X_train, X_test, y_train, y_test = train_test_split(X, y, test_size=0.3, random_state=42)

# ----------------------------------------------------------------------
# 1. Feature Grouping (Using the same logic as the previous response)
#    This step must be run on the actual columns of X_train/X_test
# ----------------------------------------------------------------------

feature_groups = {}
all_columns = X.columns.tolist()

for col in all_columns:
    if '_' in col:
        # Group by the original feature name (before the first underscore)
        # Using maxsplit=1 to handle names with underscores in the category value
        original_feature = col.split('_', 1)[0]
        
        # NOTE: If your original feature name had spaces (e.g., 'MS Zoning'), 
        # this will correctly group all 'MS Zoning_' columns.

        if original_feature not in feature_groups:
            feature_groups[original_feature] = []
        feature_groups[original_feature].append(col)
    else:
        # Numeric/Ordinal features are groups of one
        feature_groups[col] = [col]

# ----------------------------------------------------------------------
# 2. Train Model and Calculate Grouped Permutation Importance
# ----------------------------------------------------------------------

# Initialize and train a robust model (Random Forest is common for importance)
model = RandomForestRegressor(n_estimators=100, random_state=42, n_jobs=-1)
model.fit(X_train, y_train)

print(f"Model R^2 on test set: {model.score(X_test, y_test):.4f}\n")
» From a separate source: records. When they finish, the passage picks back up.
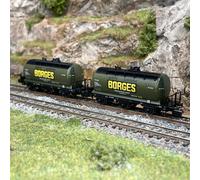 ARNOLD HN6673 RENFE, Ensemble de 2 Wagons-citernes à 3 essieux Borges, ép. III Wagons de Marchandises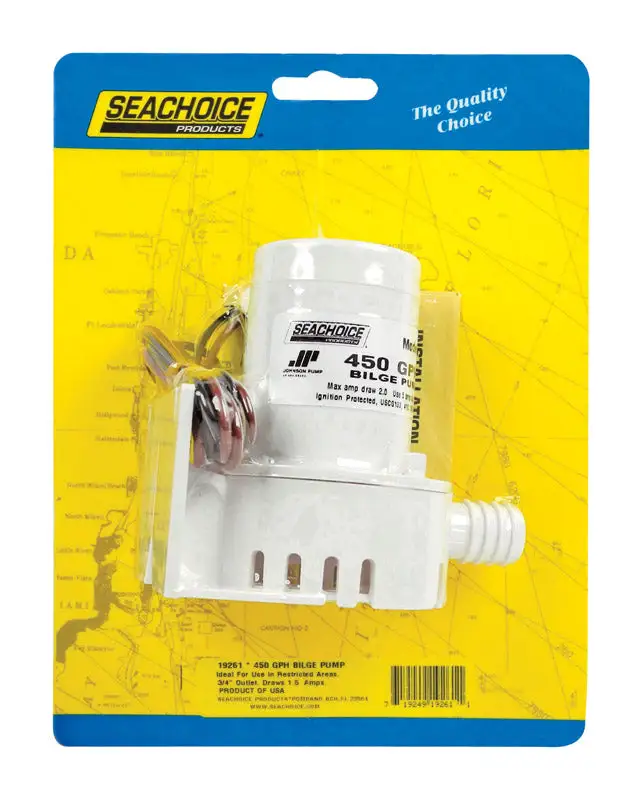 Seachoice 450 gph Bilge Pump 12V - Automatic Marine Water Pump
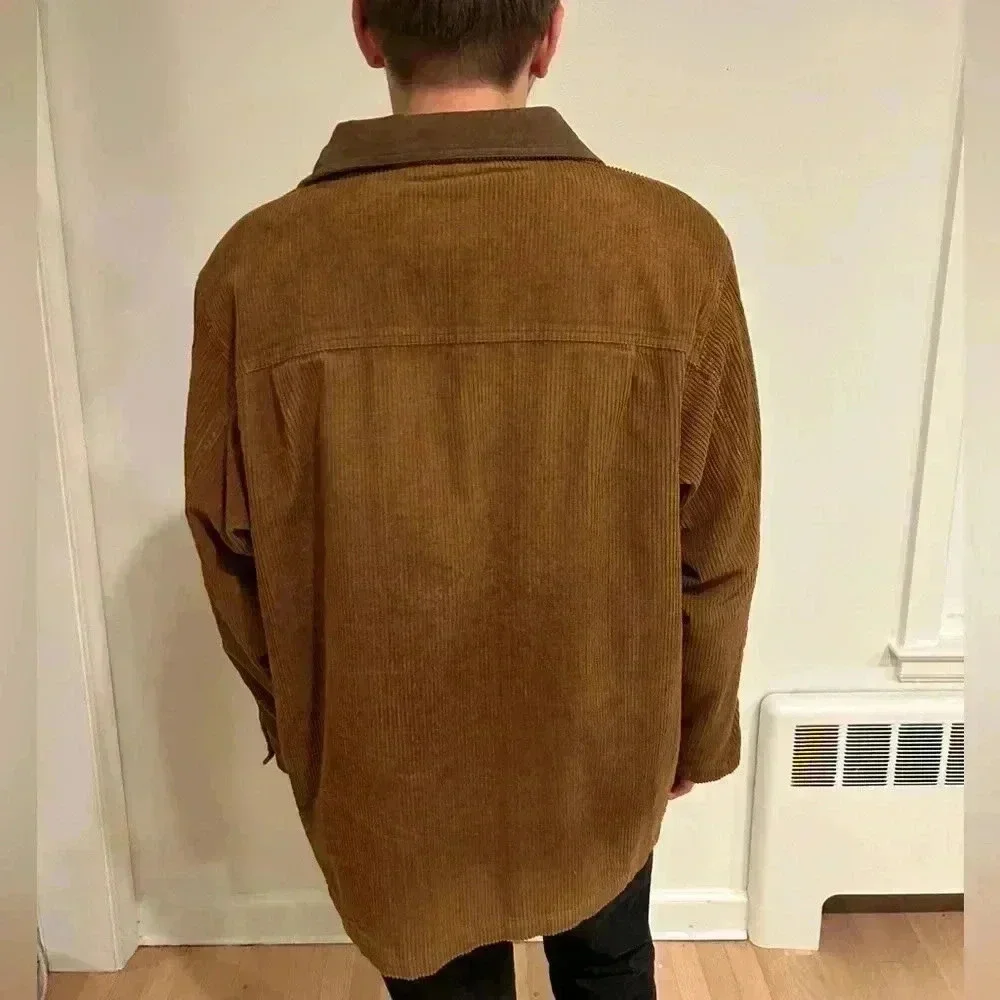 Vintage EDDIE BAUER cotton corduroy barn chore jacket leather collar sz L/ xL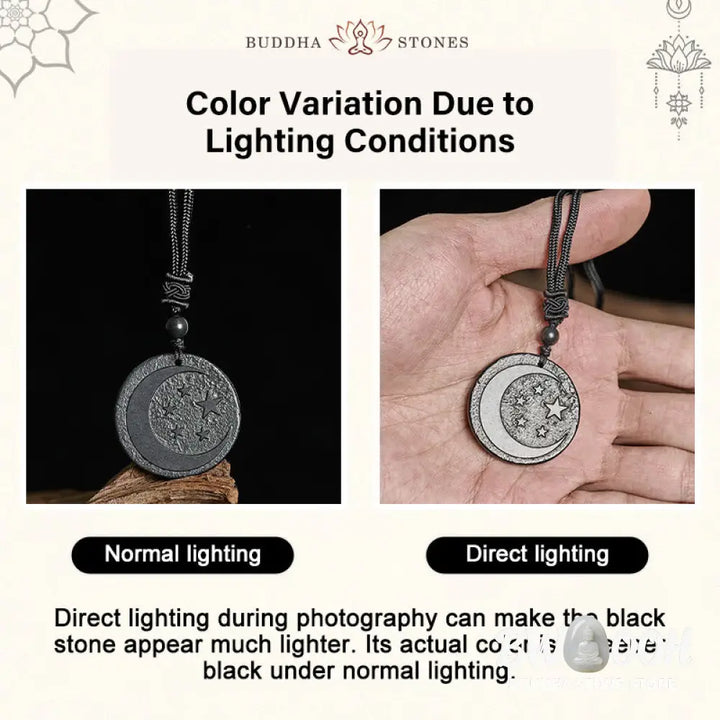 Buddha Stones Moon Star Round Design Authentic Shungite Stone Protection Necklace Pendant - BWOOOH - Shungite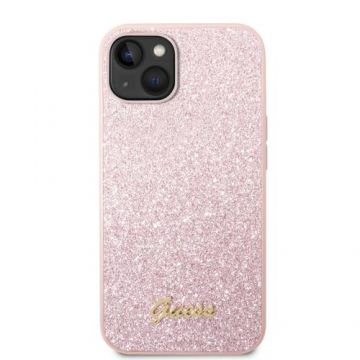 Protectie Spate Guess Glitter Flakes Metal Logo pentru iPhone 14 Plus (Roz)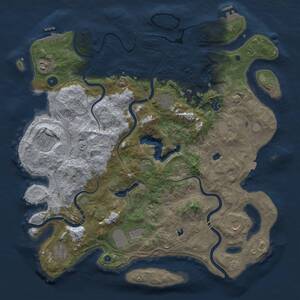 Thumbnail Rust Map: Procedural Map, Size: 4500, Seed: 160080425, 16 Monuments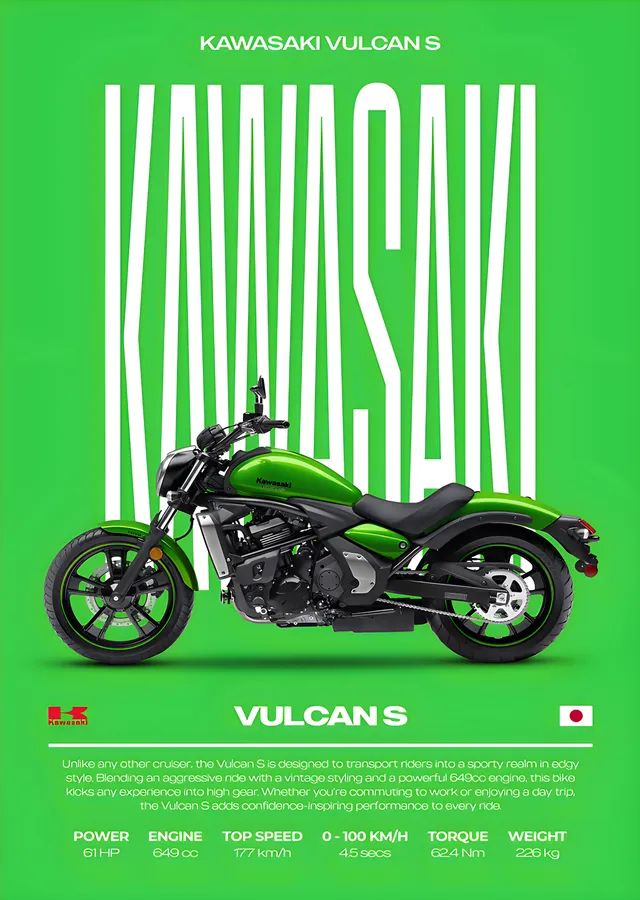 Kawasaki Vulcan S: Yeşil Zemin Künyesi metal tablo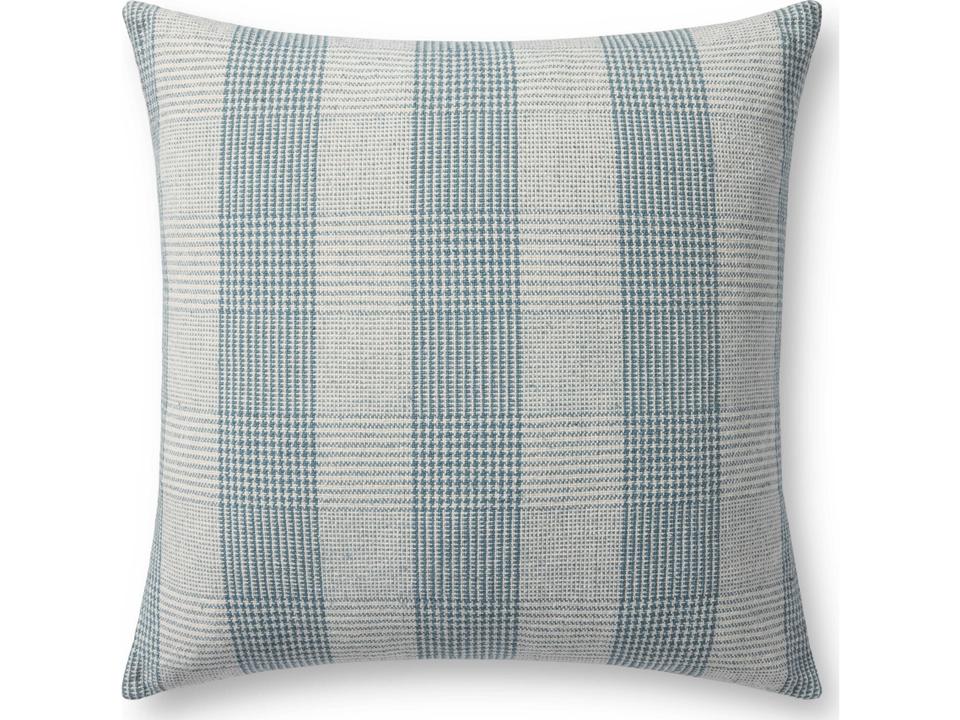 Chris Loves Julia Auggie Blue White Pillow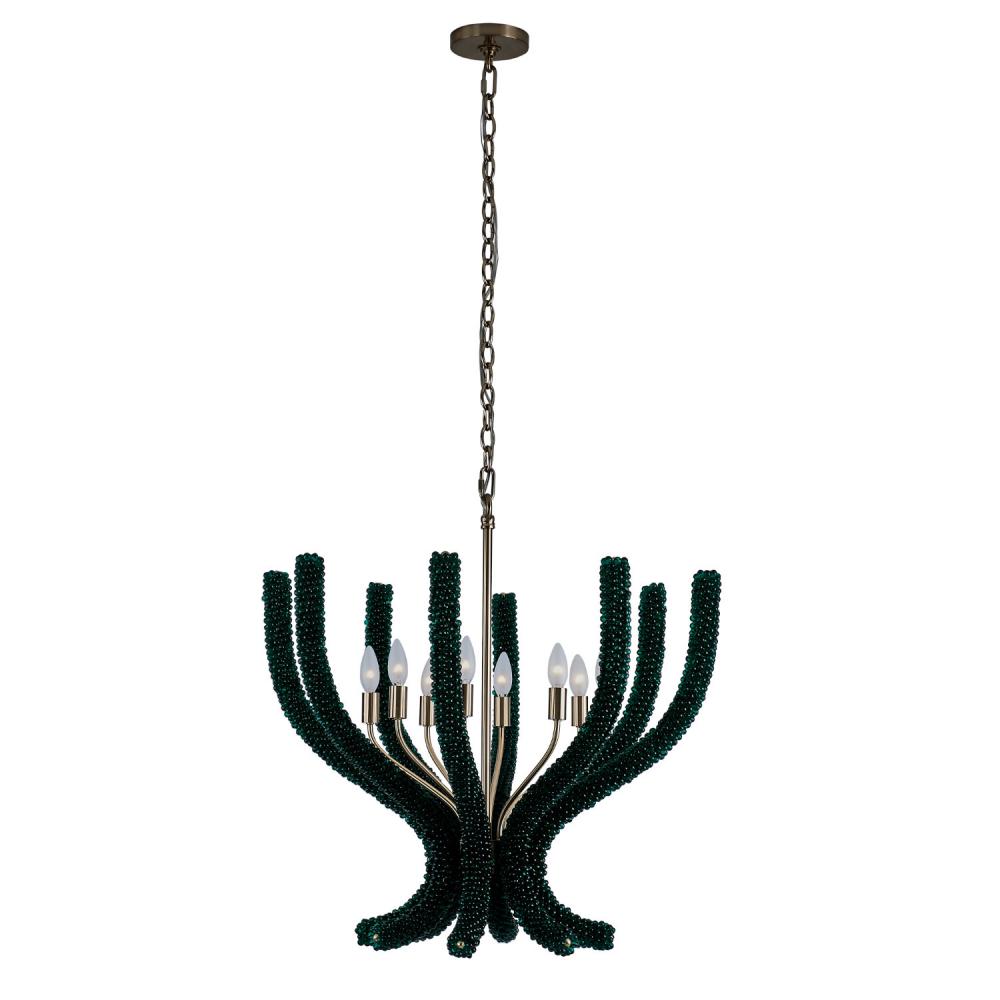 Coral 30 Inch Chandelier – Brushed Champagne Gold – 525955BCG/GRN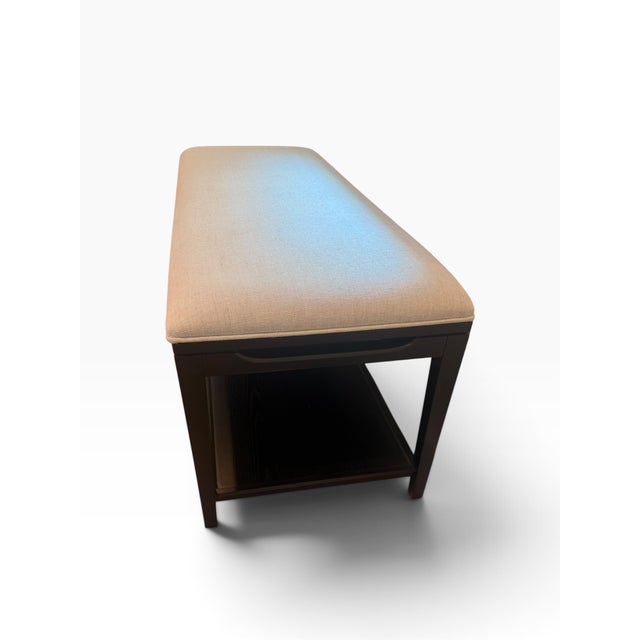 Wood Arhaus Upholstered Wood Bench With Lower Shelf – 48” For Sale - Image 7 of 12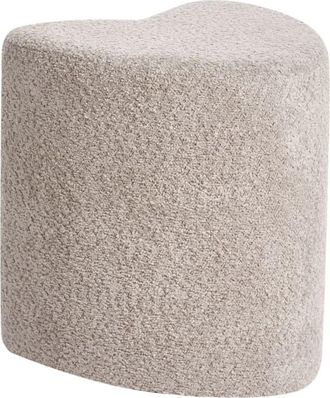 Beliani Puf Chenilla Marr&oacute;n claro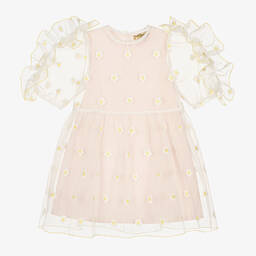 Stella McCartney Kids-Розовое платье из органзы с вышитыми ромашками | Childrensalon Outlet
# Initialize Permutation Importance object with the feature_groups
perm_imp = PermutationImportance(
    model, 
    random_state=42, 
    # n_iter=10 is the default. You might increase this for more stable results (e.g., 50)
).fit(X_test, y_test)

# ----------------------------------------------------------------------
# 3. Display Results
# ----------------------------------------------------------------------

print("--- Grouped Permutation Feature Importance ---")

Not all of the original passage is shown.